The memorial stands in the entrance to the cemetery. It has '8' bronze tablets fixed to walls linking the end columns of the building, upon which are engraved the names of members of the Australian Armed Forces.
It commemorates more than 300 officers, men and women of the Australian Army, the Australian Merchant Navy and the Royal Australian Air Force who lost their lives in these operations and have no known grave.
Casualties of the Royal Australian Navy who lost their lives in the south-western Pacific region, and have no known grave but the sea, are commemorated on Plymouth Naval Memorial in England along with many of their comrades of the Royal Navy and of other Commonwealth Naval Forces.
The Japanese attack on New Guinea, a necesary preliminary to the projected invasion of Australia, commenced with heavy air raids on Lae and Salamaua, followed by the landings of troops. At Lae, a town and port at the mouth of the Markham River on the Huon Gulf, 3,000 Japanese landed on the 7th March, 1942.
There were landings, too, at Salamaua. The enemy did not however immediately attempt the conquest of the island, but on the 21st July he landed troops at Buna and Bona on the east coast in preparation for a drive through the Owen Stanley Moutnains across the Papuan peninsula to Port Moresby.
The vital stage of the New Guinea campaign dates from that time. Lae and Salamaua became bases from which this southward drive was launched until it was stopped at Ioribaiwa Ridge, a point within 35 miles of Port Moresby.

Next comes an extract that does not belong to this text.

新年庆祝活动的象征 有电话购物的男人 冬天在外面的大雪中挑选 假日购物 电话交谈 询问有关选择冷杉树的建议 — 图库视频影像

When in January 1943, the Japanese renewed their attempts to reach Port Moresby, this time by the Markham and Bulolo valleys, their first objective was Wau, with its airfield. With reinforcements landing on the airfield only 800 yards from the enemy, the attack was held and the Japanese withdrew in February. Thereafter the initiative passed to the Australian troops who steadfastly forced the Japanese back.
On the 11th September, 1943, Salamaua was captured and on the 16th September, after attack by seaborne and airborne forces, Lae was taken.